Acta Palaeontologica Polonica

Reply to Comment on “Aysheaia prolata from the Utah Wheeler Formation (Drumian, Cambrian) is a frontal appendage of the radiodontan Stanleycaris” with the formal description of Stanleycaris

Stephen Pates, Allison C. Daley, and Javier Ortega-Hernández

Acta Palaeontologica Polonica 63 (1), 2018: 105-110 doi:http://dx.doi.org/10.4202/app.00443.2017

As part of a comprehensive examination of all radiodontans from Cambrian localities in the USA, Pates et al. (2017a, b) and Pates and Daley (2017) revised the taxonomic affinities of several described specimens. This included the reinterpretation of two putative lobopodians, one from the Wheeler Formation (Utah, USA) and one from the Valdemiedes Formation (Spain), as frontal appendages of the radiodontan genera Stanleycaris and Caryosyntrips respectively. In their comment, Gámez Vintaned and Zhuravlev (2018) disagree with these conclusions and raise three topics for discussion: (i) anatomical features they suggest support a lobopodian affinity for “Mureropodia”; (ii) the identity of Caryosyntrips as a radiodontan, and the assignment of certain specimens to this genus; and (iii) the nomenclatural status of Stanleycaris hirpex as an invalid taxon. For (i), we dispute that the anatomical features put forward by Gámez Vintaned and Zhuravlev (2018) are biological and conclude that a lobopodian affinity for Mureropodia is untenable. In response to (ii), we provide further evidence supporting a radiodontan affinity for Caryosyntrips, and those specimens ascribed to this genus. Finally, we concur with (iii) Stanleycaris as an invalid taxon according to the International Code on Zoological Nomenclature (ICZN), and have rectified the situation by providing a valid systematic description.

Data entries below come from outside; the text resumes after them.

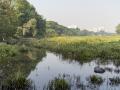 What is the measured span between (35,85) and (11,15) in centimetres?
4464

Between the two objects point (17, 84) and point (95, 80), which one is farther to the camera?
point (95, 80)

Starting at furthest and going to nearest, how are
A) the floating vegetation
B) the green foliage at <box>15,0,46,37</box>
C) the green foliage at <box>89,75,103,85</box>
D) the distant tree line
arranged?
the green foliage at <box>15,0,46,37</box> → the distant tree line → the floating vegetation → the green foliage at <box>89,75,103,85</box>

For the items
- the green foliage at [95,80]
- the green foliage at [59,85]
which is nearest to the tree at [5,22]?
the green foliage at [95,80]

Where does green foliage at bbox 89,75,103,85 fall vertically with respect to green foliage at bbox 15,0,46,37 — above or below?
below

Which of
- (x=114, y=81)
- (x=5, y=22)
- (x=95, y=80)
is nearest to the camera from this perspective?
(x=95, y=80)

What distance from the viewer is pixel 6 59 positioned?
27875 millimetres

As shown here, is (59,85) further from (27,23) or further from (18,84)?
(27,23)

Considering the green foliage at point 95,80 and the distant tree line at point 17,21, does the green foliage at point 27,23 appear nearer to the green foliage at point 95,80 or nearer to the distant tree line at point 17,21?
the distant tree line at point 17,21

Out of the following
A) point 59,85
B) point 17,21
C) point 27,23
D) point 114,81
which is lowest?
point 114,81

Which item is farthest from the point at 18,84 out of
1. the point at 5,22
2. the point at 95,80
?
the point at 5,22

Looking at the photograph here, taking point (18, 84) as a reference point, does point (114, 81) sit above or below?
below

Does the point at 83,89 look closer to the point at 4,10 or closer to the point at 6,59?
the point at 6,59

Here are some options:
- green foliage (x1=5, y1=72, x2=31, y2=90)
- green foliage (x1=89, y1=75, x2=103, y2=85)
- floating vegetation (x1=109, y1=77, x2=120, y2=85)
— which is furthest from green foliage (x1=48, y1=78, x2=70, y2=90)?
floating vegetation (x1=109, y1=77, x2=120, y2=85)

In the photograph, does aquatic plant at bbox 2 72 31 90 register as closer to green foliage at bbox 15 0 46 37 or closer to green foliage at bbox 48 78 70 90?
green foliage at bbox 48 78 70 90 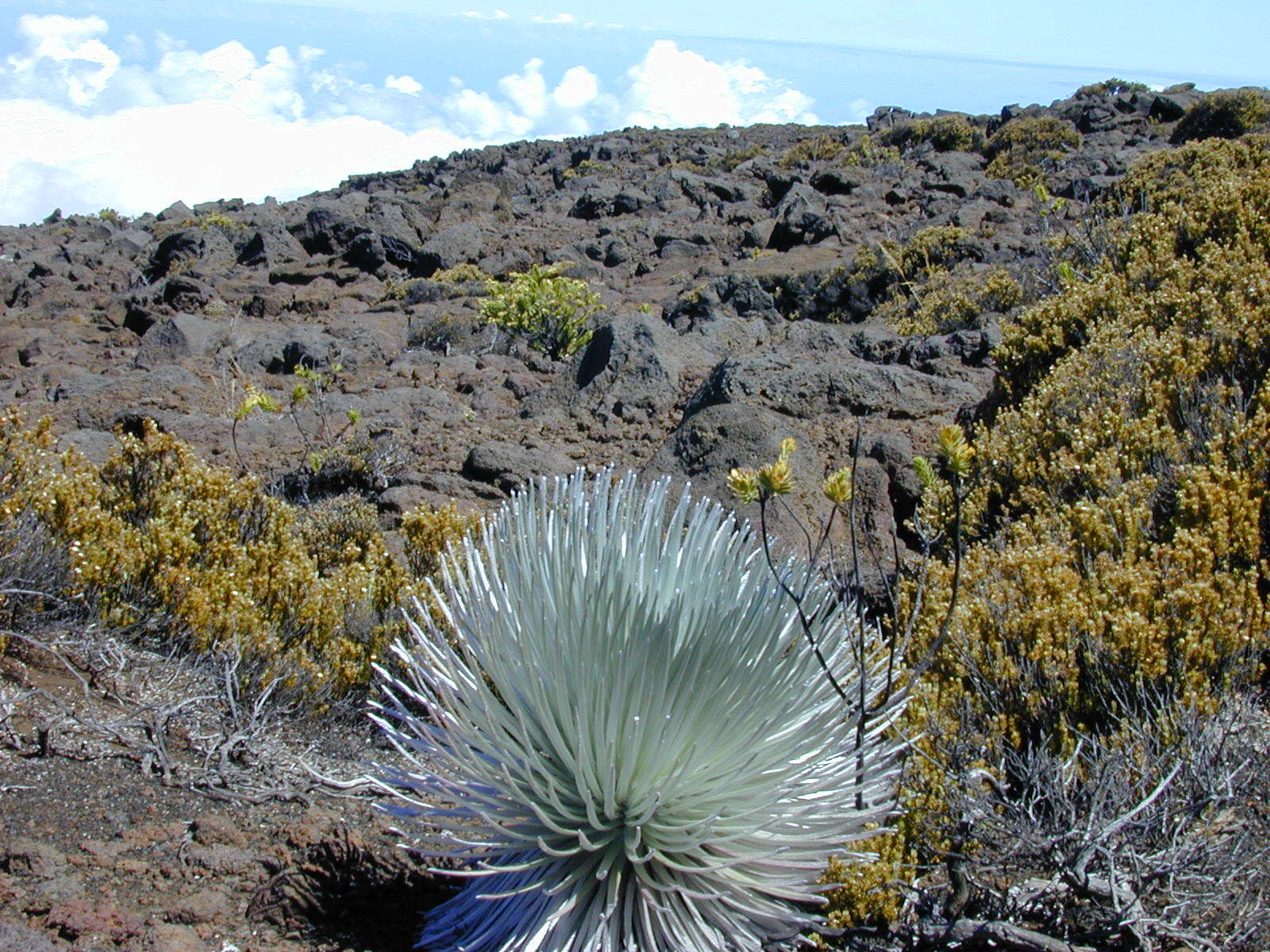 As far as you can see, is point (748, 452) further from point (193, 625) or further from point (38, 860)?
point (38, 860)

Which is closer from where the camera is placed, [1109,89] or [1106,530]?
[1106,530]

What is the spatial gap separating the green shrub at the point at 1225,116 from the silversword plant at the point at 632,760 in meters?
18.4

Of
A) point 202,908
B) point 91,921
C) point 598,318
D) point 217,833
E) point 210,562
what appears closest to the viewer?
point 91,921

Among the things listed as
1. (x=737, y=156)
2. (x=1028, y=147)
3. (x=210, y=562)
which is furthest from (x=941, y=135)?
(x=210, y=562)

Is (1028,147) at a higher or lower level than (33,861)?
higher

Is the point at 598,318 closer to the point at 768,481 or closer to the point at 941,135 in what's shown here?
the point at 768,481

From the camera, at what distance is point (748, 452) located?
3.95 m

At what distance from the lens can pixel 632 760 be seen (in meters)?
1.46

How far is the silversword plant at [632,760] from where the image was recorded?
145cm

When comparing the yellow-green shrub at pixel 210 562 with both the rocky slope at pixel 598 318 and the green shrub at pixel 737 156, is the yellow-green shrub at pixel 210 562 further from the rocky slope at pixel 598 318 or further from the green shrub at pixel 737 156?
the green shrub at pixel 737 156

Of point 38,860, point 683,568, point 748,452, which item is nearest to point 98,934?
point 38,860

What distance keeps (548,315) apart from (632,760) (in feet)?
26.5

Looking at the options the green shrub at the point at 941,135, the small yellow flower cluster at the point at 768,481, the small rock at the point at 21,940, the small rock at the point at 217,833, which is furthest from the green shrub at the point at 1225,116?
the small rock at the point at 21,940

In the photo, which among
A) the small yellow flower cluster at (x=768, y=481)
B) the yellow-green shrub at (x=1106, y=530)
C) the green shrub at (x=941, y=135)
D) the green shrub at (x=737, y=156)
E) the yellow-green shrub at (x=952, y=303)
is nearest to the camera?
the small yellow flower cluster at (x=768, y=481) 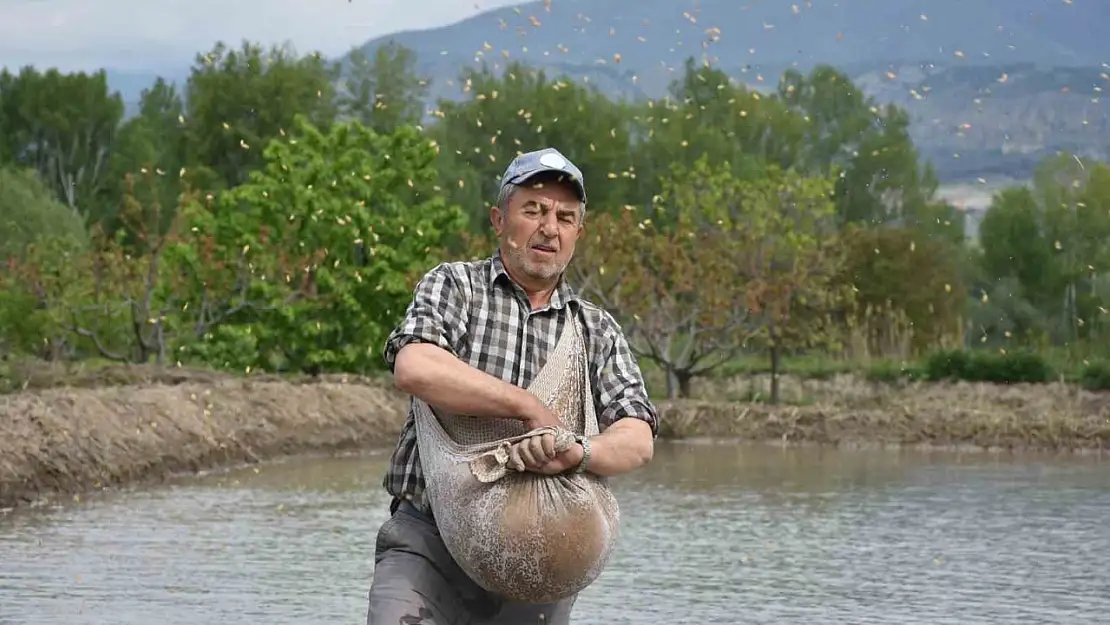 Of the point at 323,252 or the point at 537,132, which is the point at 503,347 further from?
the point at 537,132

Stephen Pates [stephen.pates@zoo.ox.ac.uk], Department of Zoology, University of Oxford, Oxford, OX1 3PS, UK. Allison C. Daley [allison.daley@unil.ch], Institute of Earth Sciences, University of Lausanne, Géopolis, CH-1015, Lausanne, Switzerland. Javier Ortega-Hernández [jo314@cam.ac.uk], Department of Zoology, Downing Street, University of Cambridge, Cambridge, CB2 3EJ, UK.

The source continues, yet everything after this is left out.